• _TASK BRIEF_: Copy the records below exactly. Include all of them.

----

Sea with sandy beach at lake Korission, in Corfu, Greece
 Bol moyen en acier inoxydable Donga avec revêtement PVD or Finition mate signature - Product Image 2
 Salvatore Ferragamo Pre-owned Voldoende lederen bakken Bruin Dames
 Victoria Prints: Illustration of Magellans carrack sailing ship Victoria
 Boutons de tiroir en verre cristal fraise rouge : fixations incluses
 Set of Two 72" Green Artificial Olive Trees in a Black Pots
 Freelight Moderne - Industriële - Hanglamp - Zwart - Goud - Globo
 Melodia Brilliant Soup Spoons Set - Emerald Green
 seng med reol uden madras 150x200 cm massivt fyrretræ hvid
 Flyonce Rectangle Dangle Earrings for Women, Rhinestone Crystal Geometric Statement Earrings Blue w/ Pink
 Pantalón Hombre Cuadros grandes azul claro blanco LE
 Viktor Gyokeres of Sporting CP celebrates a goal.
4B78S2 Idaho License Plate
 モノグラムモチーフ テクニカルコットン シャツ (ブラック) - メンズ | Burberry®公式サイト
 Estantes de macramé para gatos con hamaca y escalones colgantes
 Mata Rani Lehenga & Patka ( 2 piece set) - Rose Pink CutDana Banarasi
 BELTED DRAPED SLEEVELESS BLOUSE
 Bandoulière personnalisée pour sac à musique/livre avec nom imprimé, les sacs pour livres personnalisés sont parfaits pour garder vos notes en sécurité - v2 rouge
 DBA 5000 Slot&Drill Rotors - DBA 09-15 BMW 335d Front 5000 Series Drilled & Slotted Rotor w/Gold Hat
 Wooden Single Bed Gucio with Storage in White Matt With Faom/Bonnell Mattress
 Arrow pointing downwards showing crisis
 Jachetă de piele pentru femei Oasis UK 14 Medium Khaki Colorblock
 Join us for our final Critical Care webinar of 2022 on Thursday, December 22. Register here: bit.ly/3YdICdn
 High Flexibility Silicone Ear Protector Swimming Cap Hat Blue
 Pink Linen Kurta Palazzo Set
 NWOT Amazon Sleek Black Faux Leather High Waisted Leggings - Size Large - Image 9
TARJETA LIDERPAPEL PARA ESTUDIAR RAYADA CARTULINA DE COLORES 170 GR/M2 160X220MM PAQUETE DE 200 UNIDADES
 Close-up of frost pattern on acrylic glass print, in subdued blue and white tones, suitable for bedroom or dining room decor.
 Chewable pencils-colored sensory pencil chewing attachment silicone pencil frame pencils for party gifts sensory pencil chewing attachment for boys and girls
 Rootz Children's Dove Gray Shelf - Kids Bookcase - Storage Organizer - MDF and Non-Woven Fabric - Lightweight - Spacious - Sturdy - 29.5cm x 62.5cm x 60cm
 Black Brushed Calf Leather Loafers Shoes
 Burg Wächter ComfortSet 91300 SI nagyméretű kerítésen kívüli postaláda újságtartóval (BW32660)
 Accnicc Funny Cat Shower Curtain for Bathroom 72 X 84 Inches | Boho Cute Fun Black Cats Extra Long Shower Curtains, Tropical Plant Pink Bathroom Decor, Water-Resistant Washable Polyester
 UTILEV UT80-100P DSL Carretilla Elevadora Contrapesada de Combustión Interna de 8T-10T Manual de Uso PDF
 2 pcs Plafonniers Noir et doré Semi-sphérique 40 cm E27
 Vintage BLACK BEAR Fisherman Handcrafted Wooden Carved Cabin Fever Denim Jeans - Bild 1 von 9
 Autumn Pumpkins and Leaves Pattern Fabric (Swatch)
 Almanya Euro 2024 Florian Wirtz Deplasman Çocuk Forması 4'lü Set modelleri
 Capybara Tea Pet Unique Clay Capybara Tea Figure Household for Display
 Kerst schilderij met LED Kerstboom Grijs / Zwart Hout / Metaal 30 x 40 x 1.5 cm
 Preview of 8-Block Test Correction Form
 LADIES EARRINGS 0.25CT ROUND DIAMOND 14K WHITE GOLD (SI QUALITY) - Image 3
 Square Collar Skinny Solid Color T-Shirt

----

• _OUTPUT FOR THIS EXERCISE_:
Sea with sandy beach at lake Korission, in Corfu, Greece
 Bol moyen en acier inoxydable Donga avec revêtement PVD or Finition mate signature - Product Image 2
 Salvatore Ferragamo Pre-owned Voldoende lederen bakken Bruin Dames
 Victoria Prints: Illustration of Magellans carrack sailing ship Victoria
 Boutons de tiroir en verre cristal fraise rouge : fixations incluses
 Set of Two 72" Green Artificial Olive Trees in a Black Pots
 Freelight Moderne - Industriële - Hanglamp - Zwart - Goud - Globo
 Melodia Brilliant Soup Spoons Set - Emerald Green
 seng med reol uden madras 150x200 cm massivt fyrretræ hvid
 Flyonce Rectangle Dangle Earrings for Women, Rhinestone Crystal Geometric Statement Earrings Blue w/ Pink
 Pantalón Hombre Cuadros grandes azul claro blanco LE
 Viktor Gyokeres of Sporting CP celebrates a goal.
4B78S2 Idaho License Plate
 モノグラムモチーフ テクニカルコットン シャツ (ブラック) - メンズ | Burberry®公式サイト
 Estantes de macramé para gatos con hamaca y escalones colgantes
 Mata Rani Lehenga & Patka ( 2 piece set) - Rose Pink CutDana Banarasi
 BELTED DRAPED SLEEVELESS BLOUSE
 Bandoulière personnalisée pour sac à musique/livre avec nom imprimé, les sacs pour livres personnalisés sont parfaits pour garder vos notes en sécurité - v2 rouge
 DBA 5000 Slot&Drill Rotors - DBA 09-15 BMW 335d Front 5000 Series Drilled & Slotted Rotor w/Gold Hat
 Wooden Single Bed Gucio with Storage in White Matt With Faom/Bonnell Mattress
 Arrow pointing downwards showing crisis
 Jachetă de piele pentru femei Oasis UK 14 Medium Khaki Colorblock
 Join us for our final Critical Care webinar of 2022 on Thursday, December 22. Register here: bit.ly/3YdICdn
 High Flexibility Silicone Ear Protector Swimming Cap Hat Blue
 Pink Linen Kurta Palazzo Set
 NWOT Amazon Sleek Black Faux Leather High Waisted Leggings - Size Large - Image 9
TARJETA LIDERPAPEL PARA ESTUDIAR RAYADA CARTULINA DE COLORES 170 GR/M2 160X220MM PAQUETE DE 200 UNIDADES
 Close-up of frost pattern on acrylic glass print, in subdued blue and white tones, suitable for bedroom or dining room decor.
 Chewable pencils-colored sensory pencil chewing attachment silicone pencil frame pencils for party gifts sensory pencil chewing attachment for boys and girls
 Rootz Children's Dove Gray Shelf - Kids Bookcase - Storage Organizer - MDF and Non-Woven Fabric - Lightweight - Spacious - Sturdy - 29.5cm x 62.5cm x 60cm
 Black Brushed Calf Leather Loafers Shoes
 Burg Wächter ComfortSet 91300 SI nagyméretű kerítésen kívüli postaláda újságtartóval (BW32660)
 Accnicc Funny Cat Shower Curtain for Bathroom 72 X 84 Inches | Boho Cute Fun Black Cats Extra Long Shower Curtains, Tropical Plant Pink Bathroom Decor, Water-Resistant Washable Polyester
 UTILEV UT80-100P DSL Carretilla Elevadora Contrapesada de Combustión Interna de 8T-10T Manual de Uso PDF
 2 pcs Plafonniers Noir et doré Semi-sphérique 40 cm E27
 Vintage BLACK BEAR Fisherman Handcrafted Wooden Carved Cabin Fever Denim Jeans - Bild 1 von 9
 Autumn Pumpkins and Leaves Pattern Fabric (Swatch)
 Almanya Euro 2024 Florian Wirtz Deplasman Çocuk Forması 4'lü Set modelleri
 Capybara Tea Pet Unique Clay Capybara Tea Figure Household for Display
 Kerst schilderij met LED Kerstboom Grijs / Zwart Hout / Metaal 30 x 40 x 1.5 cm
 Preview of 8-Block Test Correction Form
 LADIES EARRINGS 0.25CT ROUND DIAMOND 14K WHITE GOLD (SI QUALITY) - Image 3
 Square Collar Skinny Solid Color T-Shirt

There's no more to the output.